* What you need to do: With pictures left out, output exactly the lines of the listing below from the line that has "Subconscious Mind 🔥" to the line that has "Panneau en bois", both lines kept.

Records shown: Begin

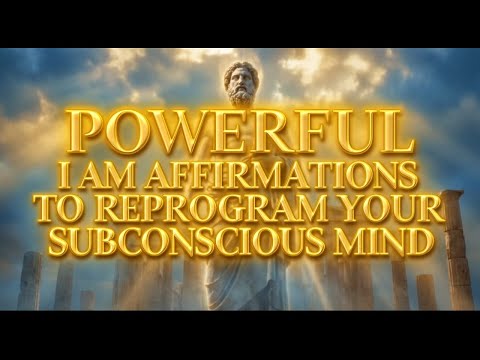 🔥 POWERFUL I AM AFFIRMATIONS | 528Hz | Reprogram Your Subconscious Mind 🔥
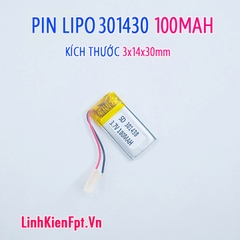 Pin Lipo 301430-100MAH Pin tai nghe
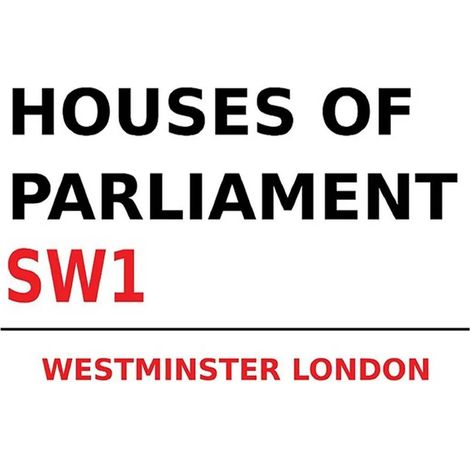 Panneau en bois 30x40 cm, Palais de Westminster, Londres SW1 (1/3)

Records shown: End
Records shown: Begin

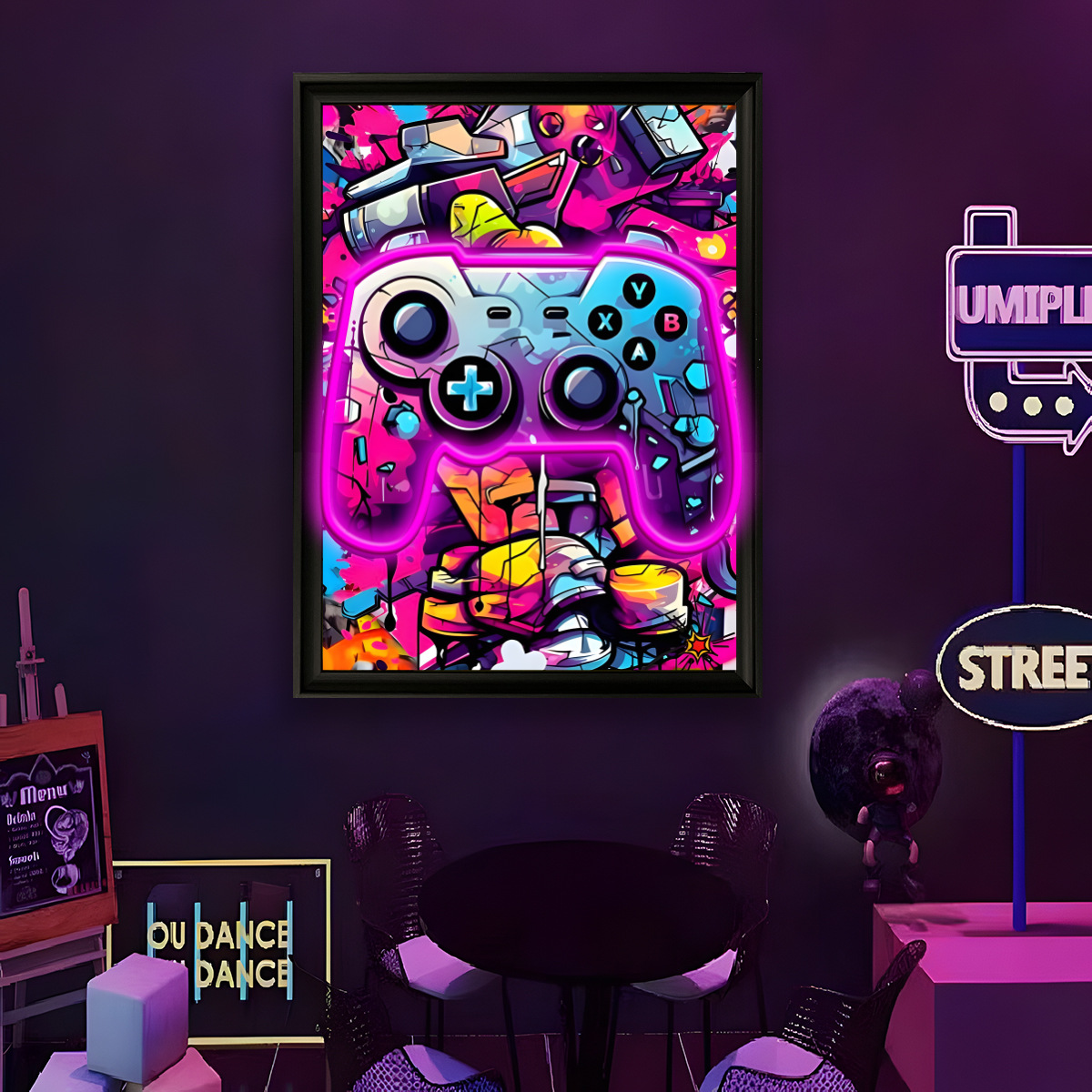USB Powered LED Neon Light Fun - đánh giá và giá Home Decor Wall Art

Records shown: End

* Response for this exercise:
 🔥 POWERFUL I AM AFFIRMATIONS | 528Hz | Reprogram Your Subconscious Mind 🔥
 Pin Lipo 301430-100MAH Pin tai nghe
 Panneau en bois 30x40 cm, Palais de Westminster, Londres SW1 (1/3)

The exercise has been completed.